此时正是各路学生集体撤退的高峰时段,陆一鸣背着书包走至学院前的池塘边,忽然看到何微独自坐在长椅上,不断用手揉着眼睛,似乎在哭。
她刚才旷了课,独自去找徐长江说情,但主要是诉说自己的冤屈与诸般难处博取同情。这种做法很有一种大难临头各自飞的意味,而结果同样不尽人意。陆一鸣原本打算直接离开,但看见对方微微起伏的肩膀,还是决定上前宽慰一句。
“何微。”
何微听到有人叫她,吓了一跳,看清来人以后,立刻变得有些心虚。她的脸上布满纵横的泪痕,鉴于眼下的困境,已然没了图书馆那日的开朗神色。陆一鸣从口袋里掏出纸巾递过去道:“应该没事,可以等等。”
“可他上次还说就连校长都不能让他服软,那院长、书记也都不会有用的,”何微抽噎道。她没有告诉陆一鸣自己之所以有此结论,更是因为徐长江方才那番将她的希望彻底浇灭的话。
徐长江扭头闭着眼,露出一副格外厌弃的表情道:“你哭多久也没用。我已经说过了,不论你再怎么诉苦,你们再怎么和我搞车轮战、打感情牌,而且不管你们准备拿什么级别的领导来压我,都没有用。你们自己惹出的事情,就要自己承担责任。
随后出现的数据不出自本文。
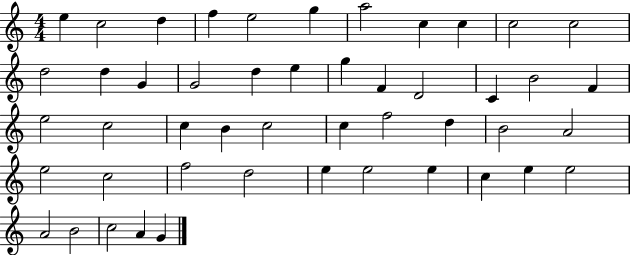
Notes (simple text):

E5/q C5/h D5/q F5/q E5/h G5/q A5/h C5/q C5/q C5/h C5/h D5/h D5/q G4/q G4/h D5/q E5/q G5/q F4/q D4/h C4/q B4/h F4/q E5/h C5/h C5/q B4/q C5/h C5/q F5/h D5/q B4/h A4/h E5/h C5/h F5/h D5/h E5/q E5/h E5/q C5/q E5/q E5/h A4/h B4/h C5/h A4/q G4/q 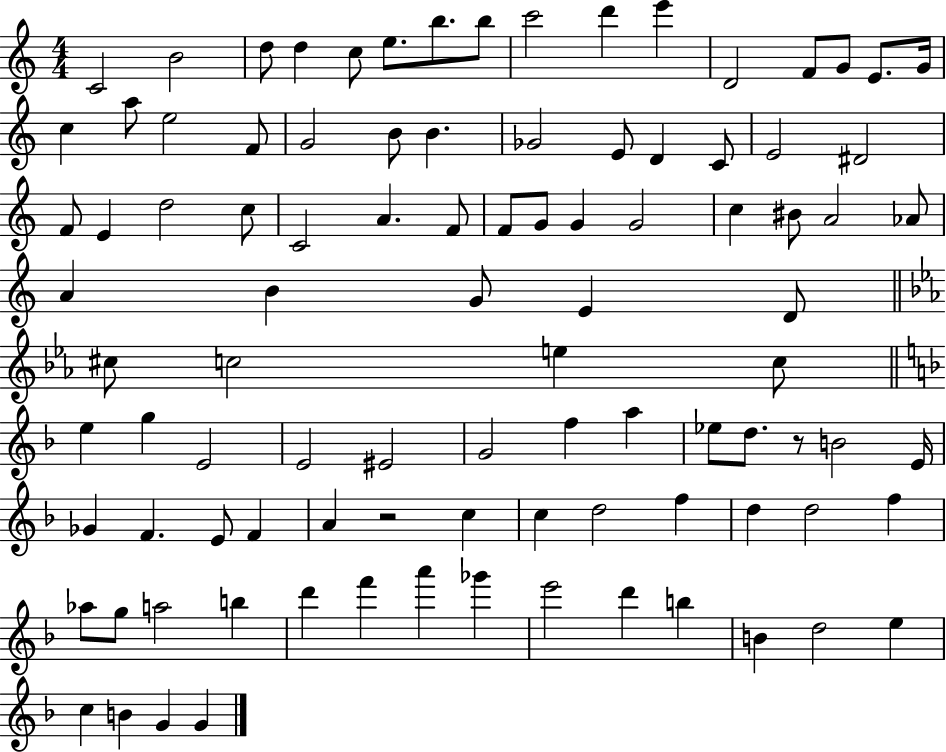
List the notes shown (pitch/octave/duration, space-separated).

C4/h B4/h D5/e D5/q C5/e E5/e. B5/e. B5/e C6/h D6/q E6/q D4/h F4/e G4/e E4/e. G4/s C5/q A5/e E5/h F4/e G4/h B4/e B4/q. Gb4/h E4/e D4/q C4/e E4/h D#4/h F4/e E4/q D5/h C5/e C4/h A4/q. F4/e F4/e G4/e G4/q G4/h C5/q BIS4/e A4/h Ab4/e A4/q B4/q G4/e E4/q D4/e C#5/e C5/h E5/q C5/e E5/q G5/q E4/h E4/h EIS4/h G4/h F5/q A5/q Eb5/e D5/e. R/e B4/h E4/s Gb4/q F4/q. E4/e F4/q A4/q R/h C5/q C5/q D5/h F5/q D5/q D5/h F5/q Ab5/e G5/e A5/h B5/q D6/q F6/q A6/q Gb6/q E6/h D6/q B5/q B4/q D5/h E5/q C5/q B4/q G4/q G4/q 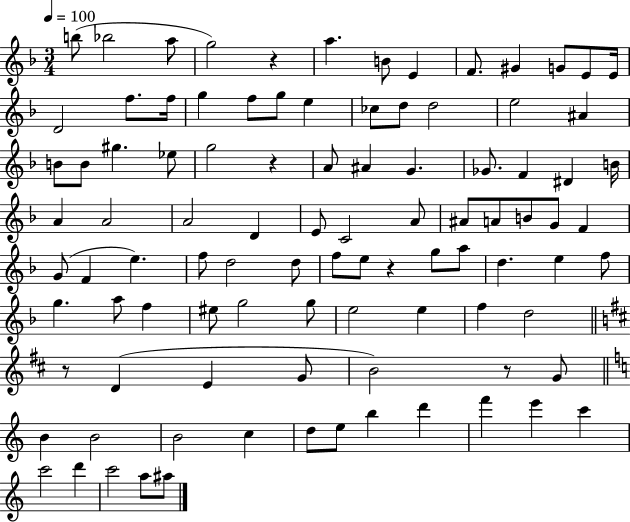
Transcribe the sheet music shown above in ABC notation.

X:1
T:Untitled
M:3/4
L:1/4
K:F
b/2 _b2 a/2 g2 z a B/2 E F/2 ^G G/2 E/2 E/4 D2 f/2 f/4 g f/2 g/2 e _c/2 d/2 d2 e2 ^A B/2 B/2 ^g _e/2 g2 z A/2 ^A G _G/2 F ^D B/4 A A2 A2 D E/2 C2 A/2 ^A/2 A/2 B/2 G/2 F G/2 F e f/2 d2 d/2 f/2 e/2 z g/2 a/2 d e f/2 g a/2 f ^e/2 g2 g/2 e2 e f d2 z/2 D E G/2 B2 z/2 G/2 B B2 B2 c d/2 e/2 b d' f' e' c' c'2 d' c'2 a/2 ^a/2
”
何微继续委屈地对陆一鸣倾诉:“补考或扣分都会影响成绩,还会在成绩单和档案里体现出来,以后评优评先和找工作也会受到波及。现在他明显就是打算给我们每人都记上一笔,就算补考惩罚真的被取消,这门课程的分数也八成不会客观公正。我为什么这么倒霉,偏偏摊上这么一个不近人情的老师?”她说着,悲从中来,又要落泪。
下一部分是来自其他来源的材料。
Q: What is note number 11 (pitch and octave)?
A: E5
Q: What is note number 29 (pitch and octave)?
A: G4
的确,大家带着无限憧憬与一身干劲儿刚刚步入大学校园,却突然因为他人原因含冤背锅,还要领受极不光彩的公开处罚,自然无法接受。更何况何微把成绩与前途看得比陆一鸣还要重许多,几次三番求情不成,整个人已近崩溃。
陆一鸣听她这样一说,也渐渐明白问题似乎的确比想象中还要棘手些。但他仍不相信此事会以一个公道尽失的结果收场,故虽然烦躁,却并不急于抱怨。他见何微悲伤难耐,不好立刻离开,只得又从口袋里摸出一枚软糖递了过去,期待她能因此转移注意力。
哪知何微一见对方对她表达关心,立刻忘了先前那些包含私心的所作所为,很有些不管不顾地扑在陆一鸣身上流泪。她这一下动作过大,重心不稳,陆一鸣不得不伸手去扶,继而无法避免地将两人的姿势变得更加暧昧。陆一鸣维持着僵硬的体态徒劳劝道:“别想了,先去吃饭吧。”
河边常有情侣出双入对打情骂俏,路人对此早已司空见惯,并不会过度关注。但可巧袁行凛和吴昱嘉正交谈着经过,走至近前,均是一愣。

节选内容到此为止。